- _WHAT TO WORK ON_: The entire listing below is to be written out exactly, minus the pictures.

- _INFORMATION_:
● ● ● ●

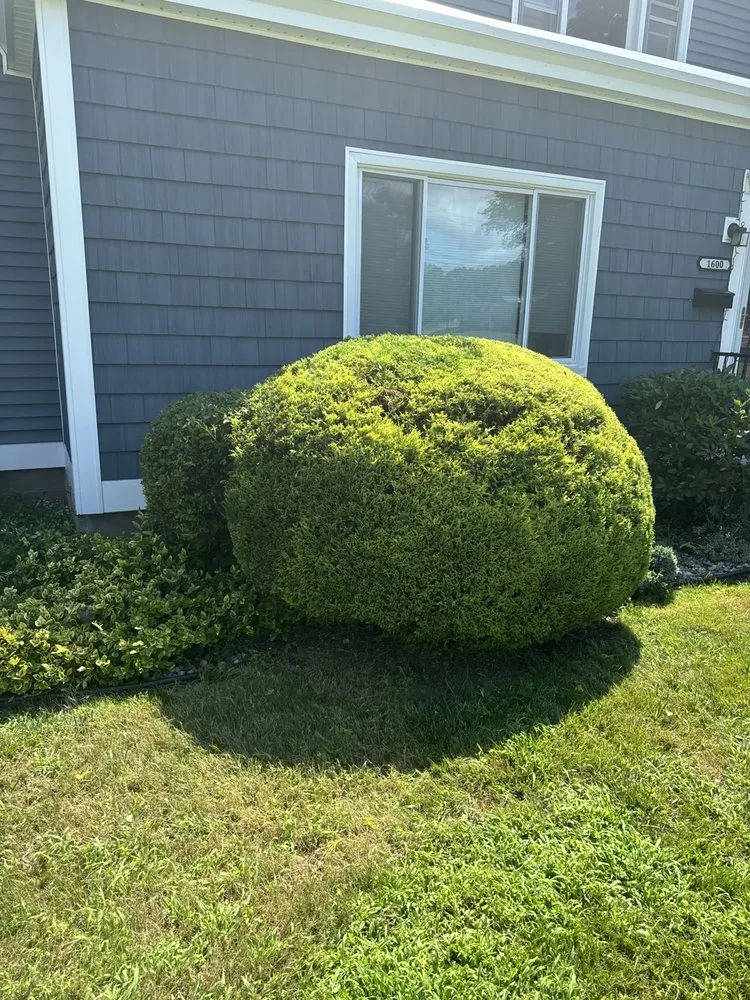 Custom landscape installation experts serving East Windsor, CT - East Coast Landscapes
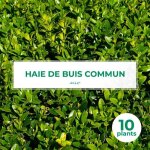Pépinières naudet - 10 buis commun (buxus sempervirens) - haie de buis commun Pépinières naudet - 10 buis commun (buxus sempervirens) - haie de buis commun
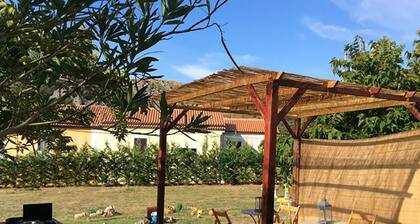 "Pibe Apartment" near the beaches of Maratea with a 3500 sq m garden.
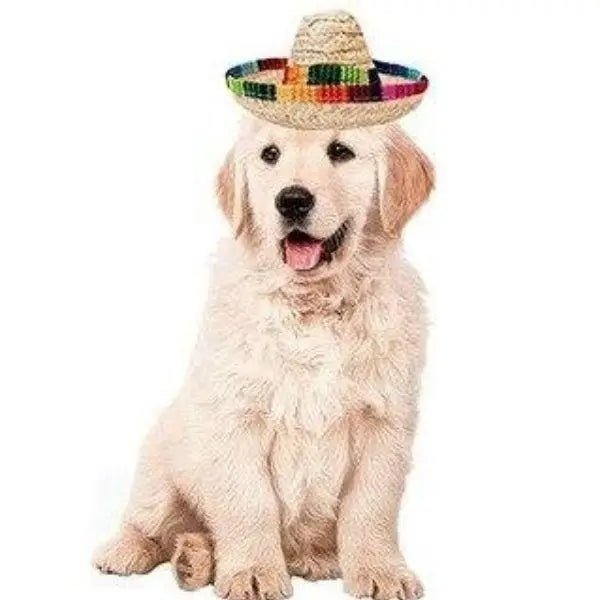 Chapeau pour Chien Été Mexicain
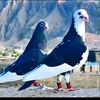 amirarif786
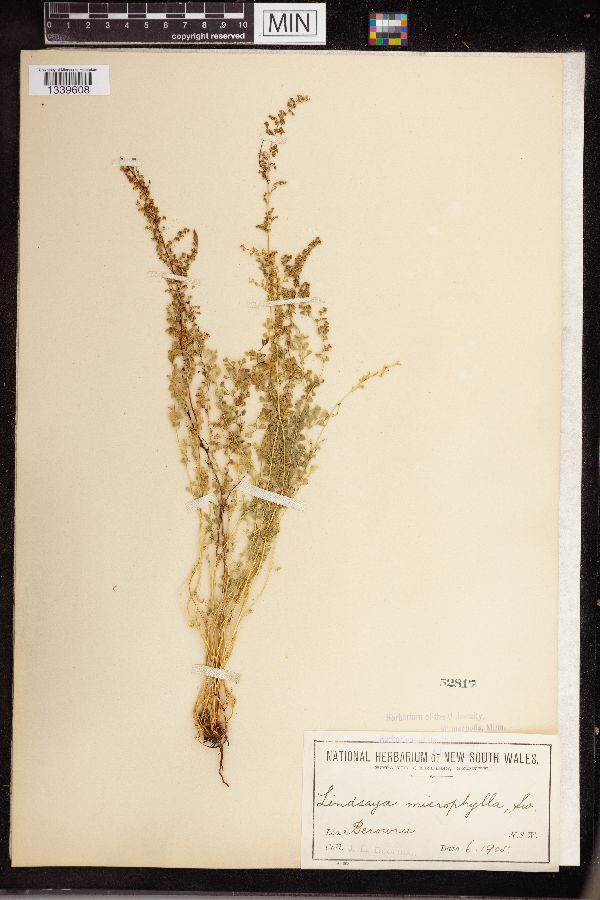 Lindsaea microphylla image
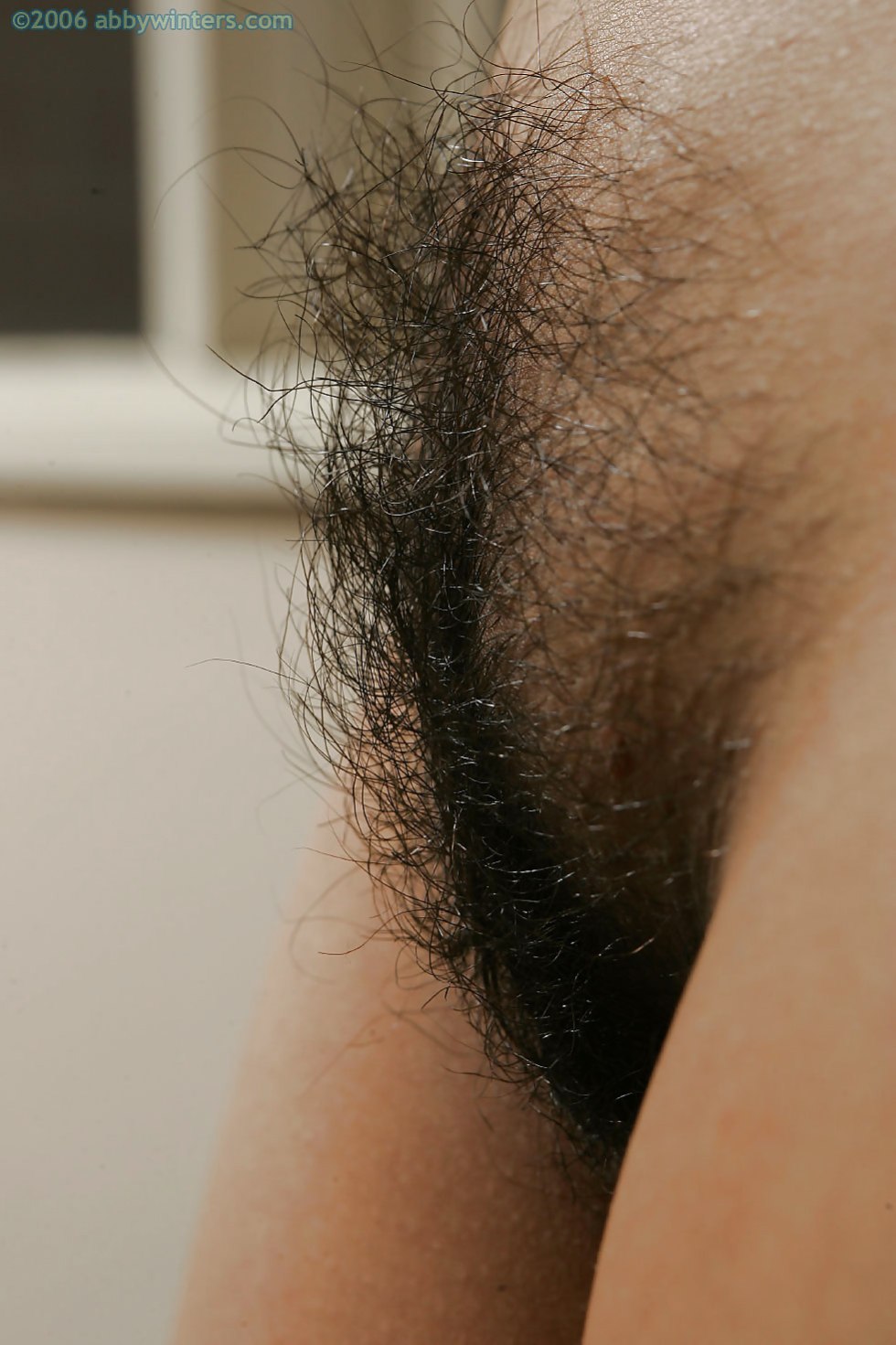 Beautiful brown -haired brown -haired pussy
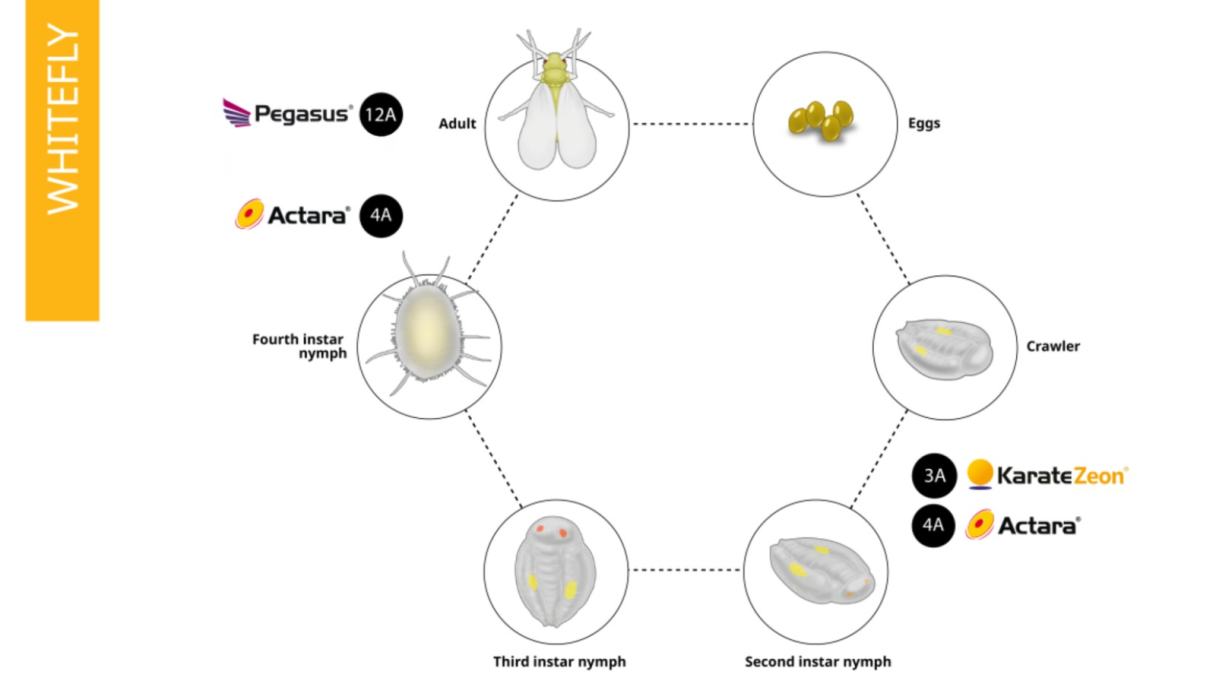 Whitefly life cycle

● ● ● ●

- _ANSWER BOX_:
 Custom landscape installation experts serving East Windsor, CT - East Coast Landscapes
Pépinières naudet - 10 buis commun (buxus sempervirens) - haie de buis commun Pépinières naudet - 10 buis commun (buxus sempervirens) - haie de buis commun
 "Pibe Apartment" near the beaches of Maratea with a 3500 sq m garden.
 Chapeau pour Chien Été Mexicain
 amirarif786
 Lindsaea microphylla image
 Beautiful brown -haired brown -haired pussy
 Whitefly life cycle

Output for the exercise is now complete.